(INPUT FOR THIS TASK begins)
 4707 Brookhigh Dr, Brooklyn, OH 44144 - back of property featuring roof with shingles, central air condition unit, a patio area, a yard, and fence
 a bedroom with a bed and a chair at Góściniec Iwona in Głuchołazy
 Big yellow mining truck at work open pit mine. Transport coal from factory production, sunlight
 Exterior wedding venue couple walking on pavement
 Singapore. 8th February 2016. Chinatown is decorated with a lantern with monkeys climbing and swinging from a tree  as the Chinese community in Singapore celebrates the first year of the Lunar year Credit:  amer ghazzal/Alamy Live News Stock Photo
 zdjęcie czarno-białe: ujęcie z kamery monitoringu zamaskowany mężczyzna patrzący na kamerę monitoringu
(INPUT FOR THIS TASK ends)
(INPUT FOR THIS TASK begins)
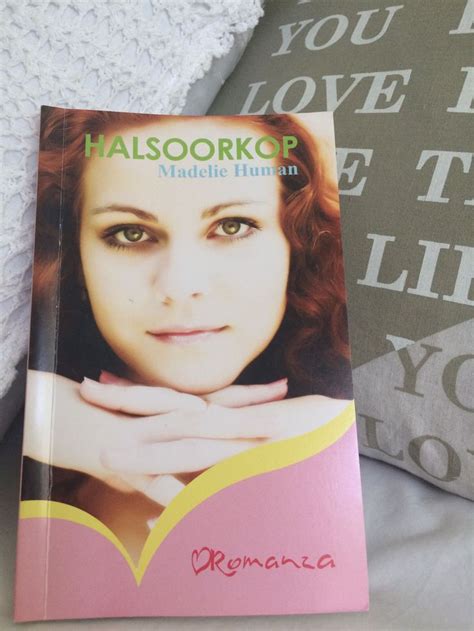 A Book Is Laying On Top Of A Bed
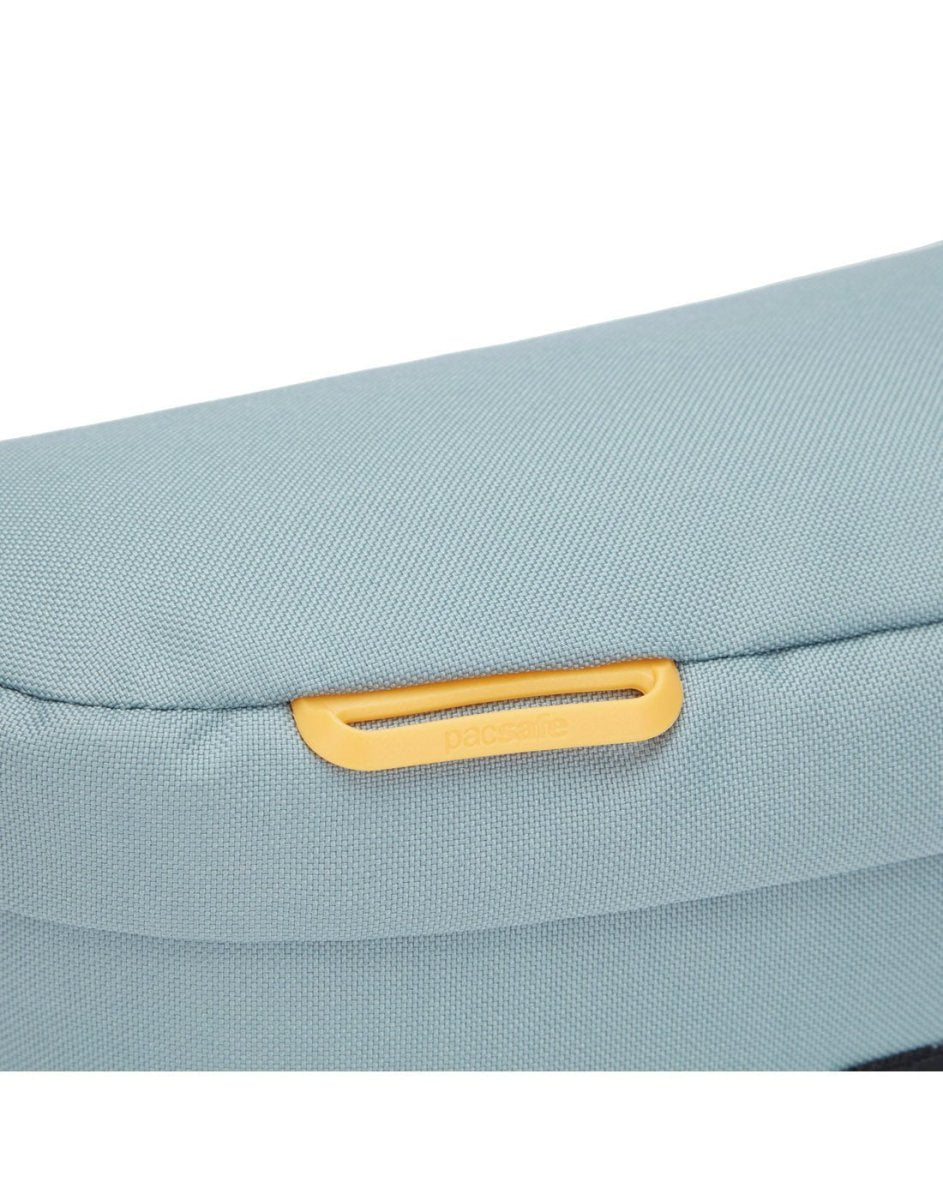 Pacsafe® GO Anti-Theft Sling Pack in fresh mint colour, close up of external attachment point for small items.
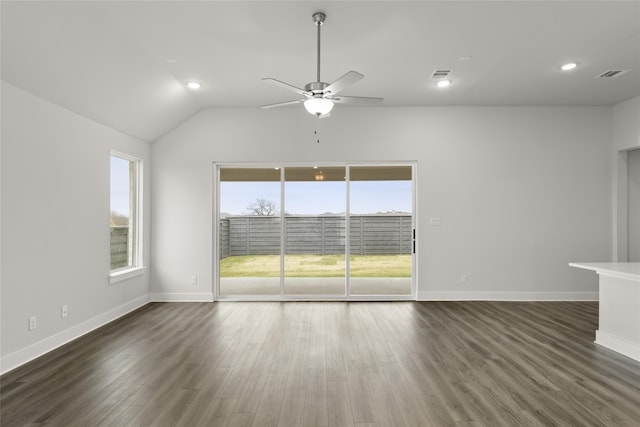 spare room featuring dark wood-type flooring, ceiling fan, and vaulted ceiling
(INPUT FOR THIS TASK ends)
TRY IT
Please give again the lines above between the line holding "4707 Brookhigh Dr, Brooklyn, OH" and the line holding "Exterior wedding venue", inclusive, exactly as they are and with nothing added.

REPLY
 4707 Brookhigh Dr, Brooklyn, OH 44144 - back of property featuring roof with shingles, central air condition unit, a patio area, a yard, and fence
 a bedroom with a bed and a chair at Góściniec Iwona in Głuchołazy
 Big yellow mining truck at work open pit mine. Transport coal from factory production, sunlight
 Exterior wedding venue couple walking on pavement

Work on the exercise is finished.